Zooming again on the upper-right corner flow, we can see the details of the process model flow in Disco and the corresponding process model deployed over the city map, as shown in Figure 9: a) the process model in the city map, and b) the process model flow in Disco. It can be seen that stop 2126 goes over the left in the map, stop 2131 goes over the right, and stop 2128 goes in the middle, with the flow to the right. If the two views of the model are compared in Figure 9 a) and b), the difference is noticeable. The map gives a much greater context, allowing one to quickly know the exact location of the activities (stops in this case), the corresponding area, and the neighborhood, allowing one to relate the generated model to information not included.
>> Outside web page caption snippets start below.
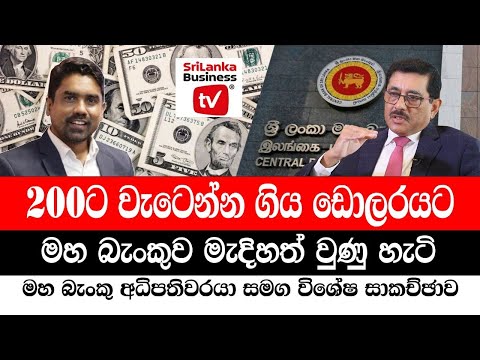 Govt Financial Crisis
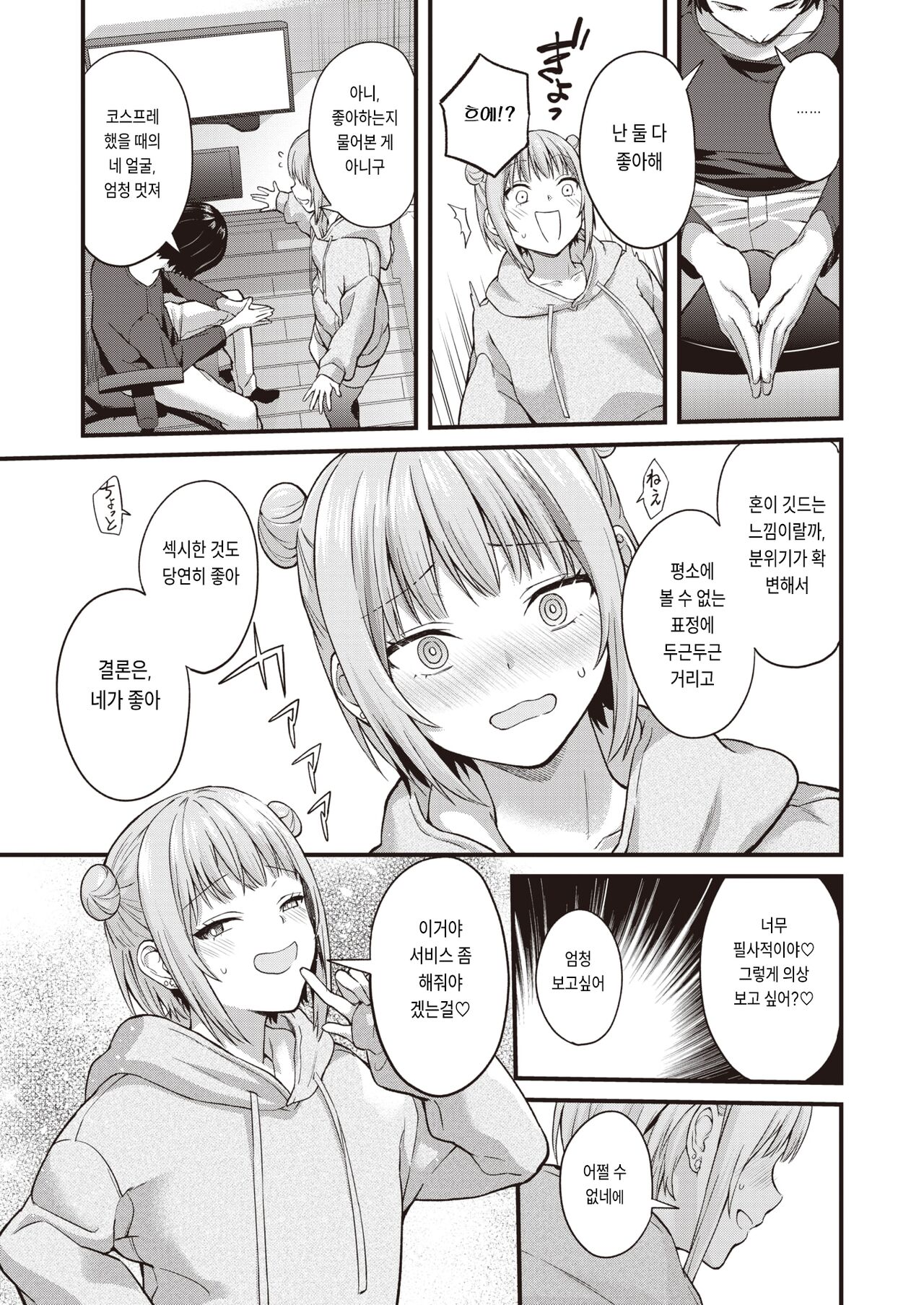 [Bowcan] Imawa Bokuno Mamade | 지금은 나인 그대로 (COMIC Kairakuten 2023-02) [Korean] [Digital] imagen número 9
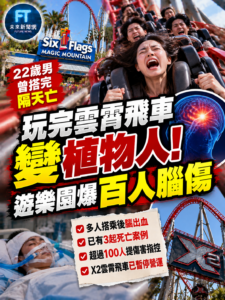 玩完雲霄飛車竟成植物人！美遊樂園爆逾百起腦傷指控　22歲男曾搭完隔天身亡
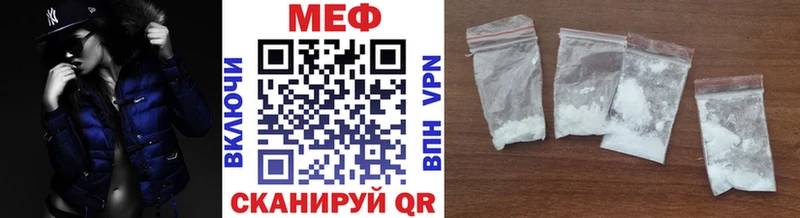 МЕГА зеркало  Подпорожье  МЕФ mephedrone  наркошоп 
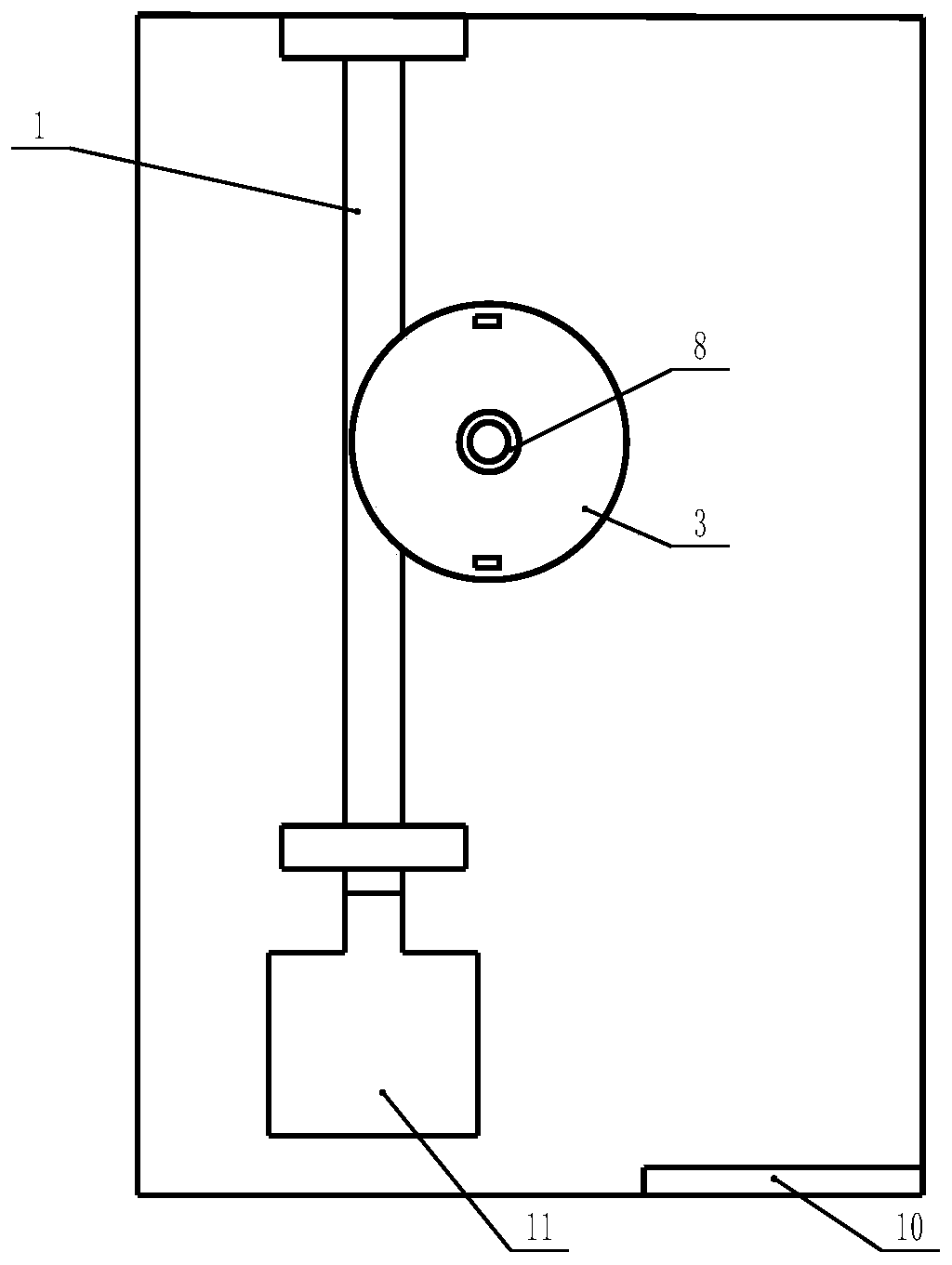 Novel microextraction high-throughput magnetic stirring system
Zoom of the process model of the bus line 21

Fig. 9: Zoom of the process model of the bus line 21 route upper-right corner flow and correspondence with the Disco process map

In this case, we could further investigate why, on several occasions, no passengers are getting on the bus at stop 2128. Some causes could be the following: the stop infrastructure is worse than other nearby stops, there are security issues in the area, and it is mainly used by specific groups of users (e.g., students) within input and output hours of the school.
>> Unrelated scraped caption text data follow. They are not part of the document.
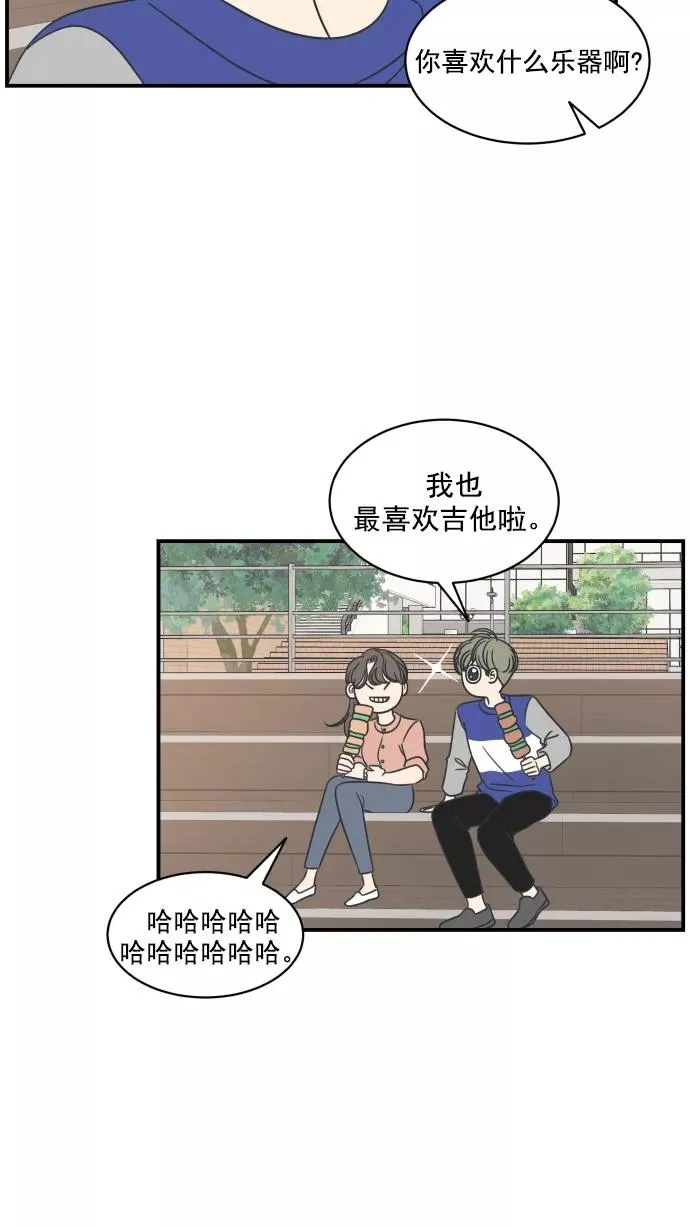 第66话 第62页
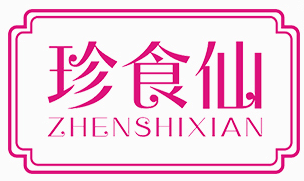 珍食仙ZHENSHIXIAN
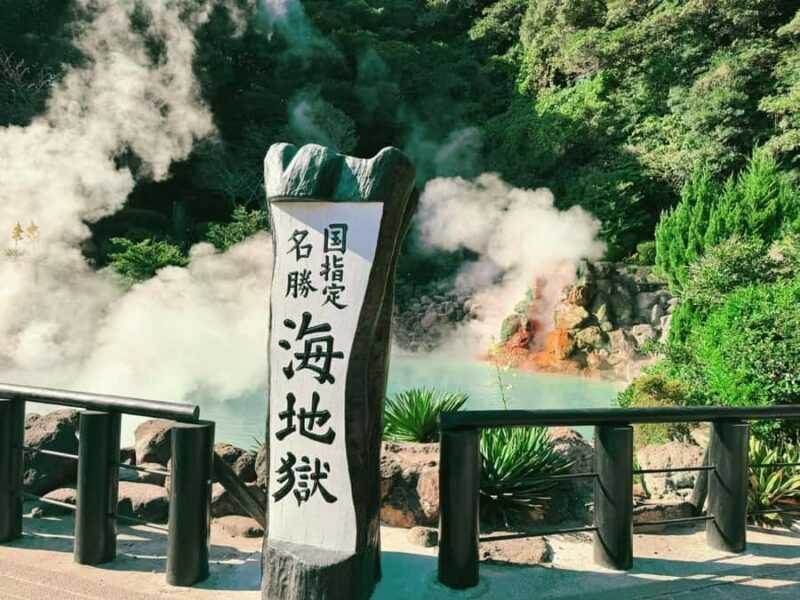 Fukuoka:Frog Temple, Beppu Hell Springs Tickets Incl &Yufuin - Final Thoughts: Is It Worth It?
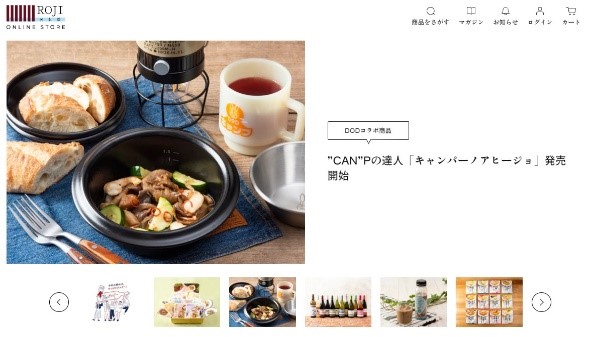 Webサイト「ROJI 日本橋 ONLINE STORE」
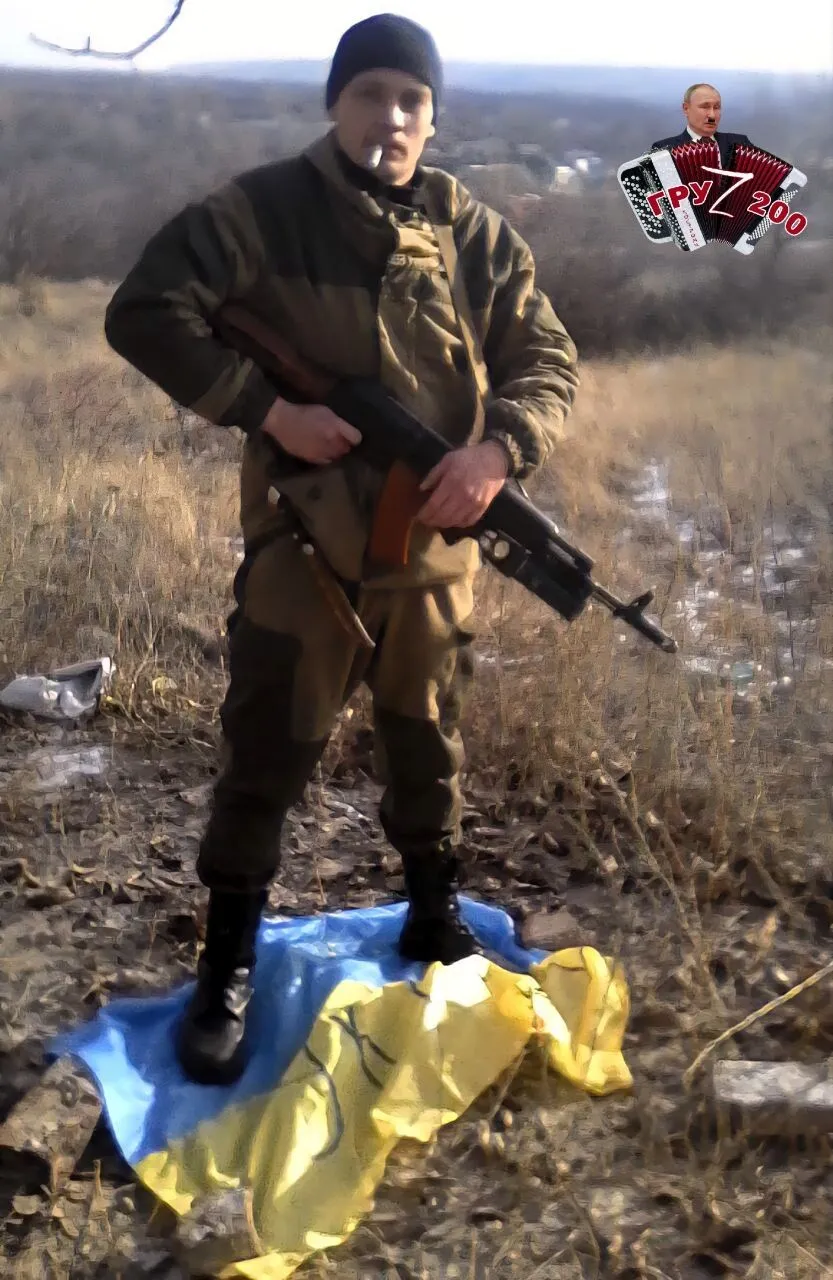 "Топтати прапор України – погана прикмета": ліквідовано зрадника з Луганська, який воював у лавах армії Путіна. Фото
The performance process model exported from Disco corresponding to Figure 7 c), and transformed into a QGis layer can be seen over the Montevideo city map shown in Figure 10: a) the model exported from Disco with delays in transitions between the stops, and b) deployed in the map showing sections delays using the semaphore metaphor: green, yellow and red for more significant delays.

Performance process model for the bus line 21

Fig. 10: Performance process model for the bus line 21 route from the bus actual trips data: a) the model exported from Disco with delays in transitions, and b) deployed in the map showing sections delays

Again, as in Figure 8, being able to visualize the specific sections of the bus line that present the worst times over the bus line route in the map, provides a much greater context, allowing to identify the zone at which the sections belong quickly. In this case, it can be seen that the section to the left that goes from the Centenario stadium (round green space marked in the middle below the bus line) to the old city presents the worst delays. This is consistent with that zone being bustling over Avenue Av. Italia, passing through the Three Crosses bus terminal and traversing from start to end the main center avenue Av. 18 de Julio towards the old city entrance (Independence Square).
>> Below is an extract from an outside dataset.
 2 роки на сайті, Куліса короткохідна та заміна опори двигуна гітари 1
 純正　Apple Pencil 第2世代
Conclusions and reproducibility for other cities

We have presented a case study on the application of process mining to analyze urban mobility open data from the STM transport system in Montevideo, Uruguay. We showed how, using Disco, we can discover the reference process model of bus lines using the stops defined for each one and the actual STM trips process model that shows the actual behavior of bus lines regarding passengers’ use within the different frequencies (actual trips) of the buses.

Due to the interest of business people in this specific domain who normally visualize and analyze data over the city map, we developed a prototype that, using the process model export feature of Disco in XML format, allows us to import them into the open-source geospatial software QGis, deploying them over the city map of Montevideo. This provides much greater context to users, as discussed in the previous section.

Regarding reproducibility for other cities, exporting the process models to Disco, importing the layers for the stops and bus lines routes over the city map, and generating the QGis layers for the process models can be applied straightforwardly. For the scripts to work, the process models to be exported from Disco should use as activities the stops of the bus lines, and the files containing the shapefiles with geospatial data of the stops and bus lines routes should be available. The city map layer is loaded as an XYZ layer directly in QGis, available for all cities. The data and format are available from the bus actual trips system of the desired city (i.e., the records of the passengers’ trips) and should probably have to be manipulated to provide the same fields that we used (e.g., bus line, variant, stops to relate to the shapefiles, etc.), or the scripts can be adapted to the data provided by the system under analysis.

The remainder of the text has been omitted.